Who forget my holy mountain,

Who prepare a table for Fortune,

And who fill up mingled wine for Destiny,

I will destine you to the sword,

And you will all bow down to the slaughter,

Because when I called, you did not answer,

When I spoke you did not hear,

But you did what was evil in my eyes,

And chose that in which I did not delight.’

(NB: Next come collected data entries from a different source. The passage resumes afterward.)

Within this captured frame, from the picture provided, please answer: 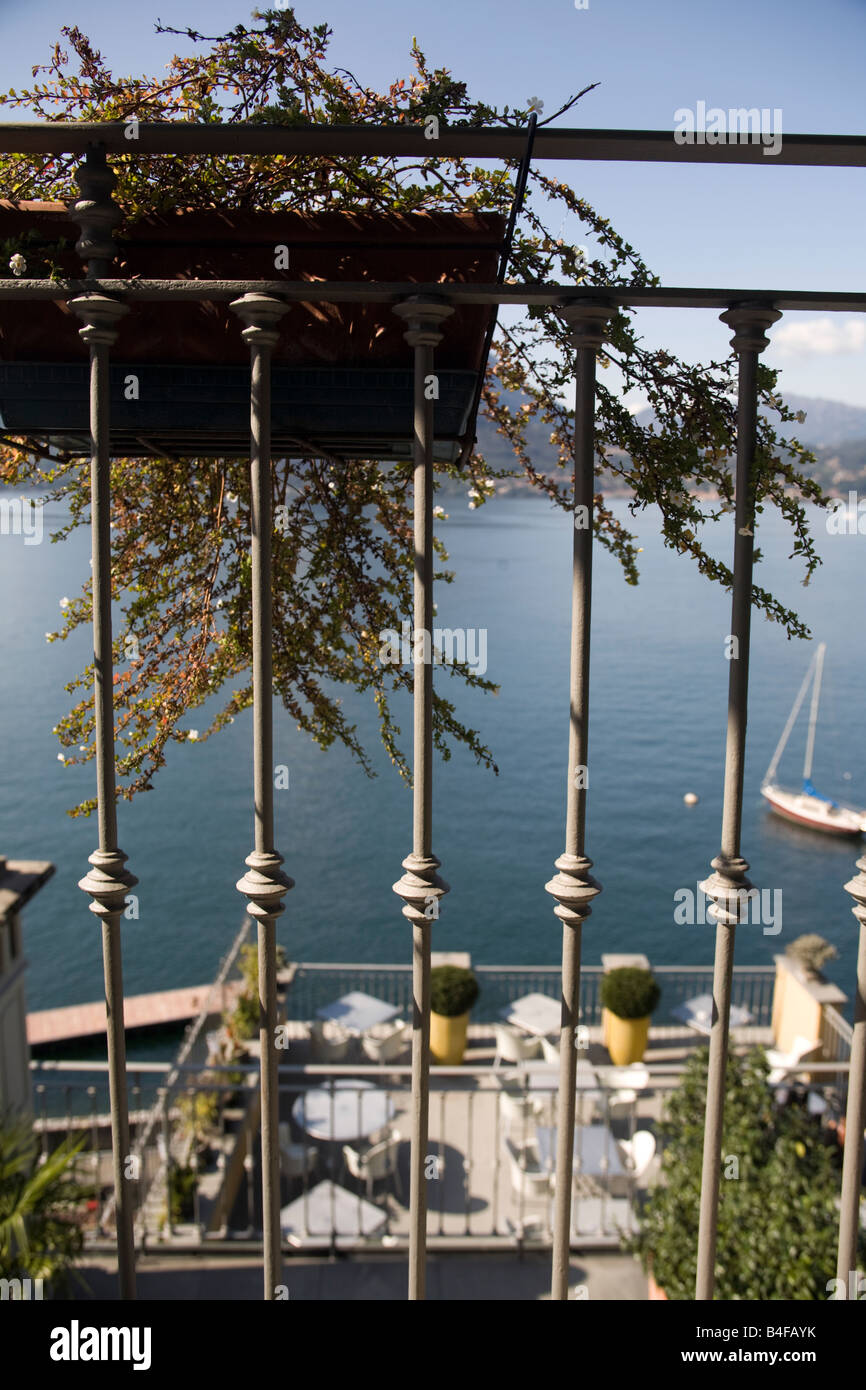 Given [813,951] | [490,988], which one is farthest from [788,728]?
[813,951]

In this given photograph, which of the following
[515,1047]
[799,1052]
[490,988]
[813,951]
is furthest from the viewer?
[490,988]

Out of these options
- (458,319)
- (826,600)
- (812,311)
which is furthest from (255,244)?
(826,600)

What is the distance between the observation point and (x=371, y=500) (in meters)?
2.20

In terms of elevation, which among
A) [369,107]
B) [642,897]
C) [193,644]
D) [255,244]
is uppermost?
[369,107]

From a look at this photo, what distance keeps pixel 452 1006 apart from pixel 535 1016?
1704mm

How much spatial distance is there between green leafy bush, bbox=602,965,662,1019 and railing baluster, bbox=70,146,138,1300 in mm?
10449

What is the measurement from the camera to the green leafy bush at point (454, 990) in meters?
10.7

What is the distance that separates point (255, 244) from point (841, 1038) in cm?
1016

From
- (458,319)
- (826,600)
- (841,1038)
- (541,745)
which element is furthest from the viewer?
(826,600)

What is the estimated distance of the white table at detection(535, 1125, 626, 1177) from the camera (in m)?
7.41

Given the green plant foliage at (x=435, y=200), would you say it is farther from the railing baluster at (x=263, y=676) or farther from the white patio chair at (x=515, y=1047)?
the white patio chair at (x=515, y=1047)

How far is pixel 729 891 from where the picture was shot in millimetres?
1192

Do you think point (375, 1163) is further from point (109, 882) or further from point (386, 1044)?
point (109, 882) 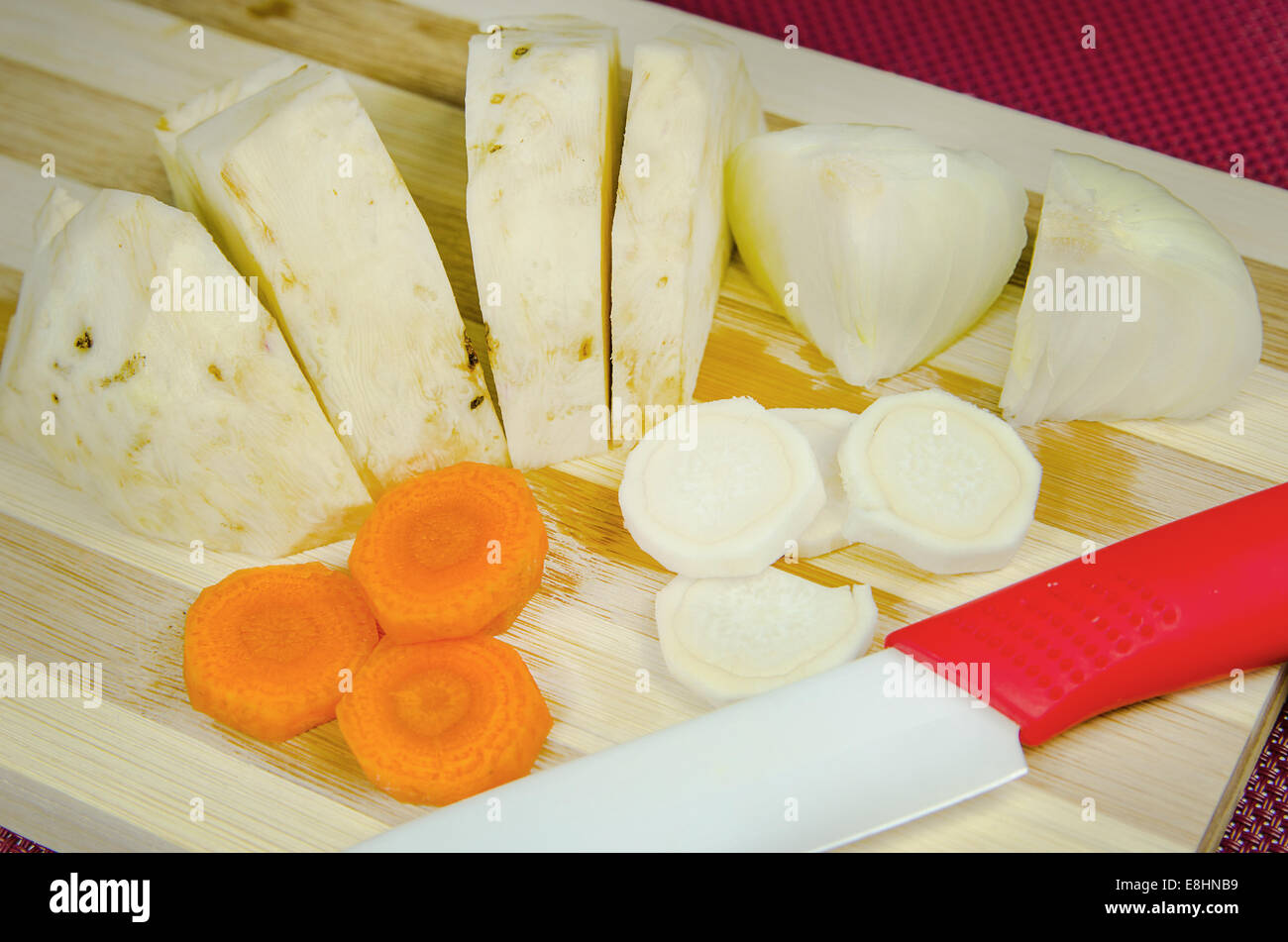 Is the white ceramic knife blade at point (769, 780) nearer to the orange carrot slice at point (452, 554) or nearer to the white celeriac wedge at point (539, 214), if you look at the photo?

On the other hand there is no guaranteed blessing for all. Those who forsake Yahweh and forget His dwellingplace (His holy mountain), indulging rather in idolatrous behaviour, will be subject to judgment by the sword. And this will be because when He called they did not respond, but continued in their sinfulness and refused to do the things that would please Him. This happened again and again, and one outstanding example is the final destruction of Jerusalem and the scattering of the people under the Romans (Luke 21:24), a specific example of the rejection of the old Israel, which had been replaced by the new as described in Isaiah 65:1.

‘Who forget my holy mountain.’ They went regularly into the mountains to perform sexual rites before Baal, but had no time for the one mountain that counted.

‘Who prepare a table for Fortune (Gad), and who fill up mingled wine for Destiny (Meni - ‘apportionment’).’ Fortune (Gad) was a widely worshipped Syrian god. Compare Baal-gad - ‘Lord of Good Fortune’, in Joshua 11:17, and Migdal-gad - ‘Fortress Tower of Good Fortune’ in Joshua 15:37. Meni means ‘apportionment’ related to the affecting of destiny. Both gods were connected therefore with the affecting of destiny. Their names are found on inscriptions both separately and together. It was all the more absurd therefore that they who were thought powerful enough to affect the future had to be wined and dined. These were Canaanite gods, confirming the Canaanite setting for the prophecy, and such gods are only known to have affected Israel in pre-exilic times. This causes great difficulty to those who try to date these prophecies later and have to try to explain this away.

‘I will destine you to the sword, and you will all bow down to the slaughter.’ Note the play on ‘destiny’. It is Yahweh rather than these false gods Who can determine these people’s destiny. And instead of bowing to these false gods they will have to bow to slaughter.

‘Because when I called, you did not answer, when I spoke you did not hear, but you did what was evil in my eyes, and chose that in which I did not delight.’ The reason for their punishment is made clear. God called them and spoke to them, but they neither responded nor heard. Rather they chose to go against His will, doing what they knew Yahweh saw as evil, and refusing to do what they knew He would delight in. And they finally rejected His Servant (John 1:11).

So Yahweh’s answer to Isaiah’s pleas is that a remnant will be saved, an unexpected remnant (Isaiah 65:1), but that large numbers will face His judgment because they go their own ways and refuse to respond to Him. In spite of his promises of a coming Deliverer Isaiah was well aware that much had to happen before He could do His work. But one thing he did know, eventually that work would be brought to completion. And he now closes his book with a vision of what is to come.

Verses 13-25

THE COMING OF THE NEW HEAVENS AND THE NEW EARTH (Isaiah 65:13 to Isaiah 66:24 ).

The final vision of Isaiah centres on the fact that there will be a new heaven and a new earth. Old things will pass away and all things will become new, just as he has constantly promised.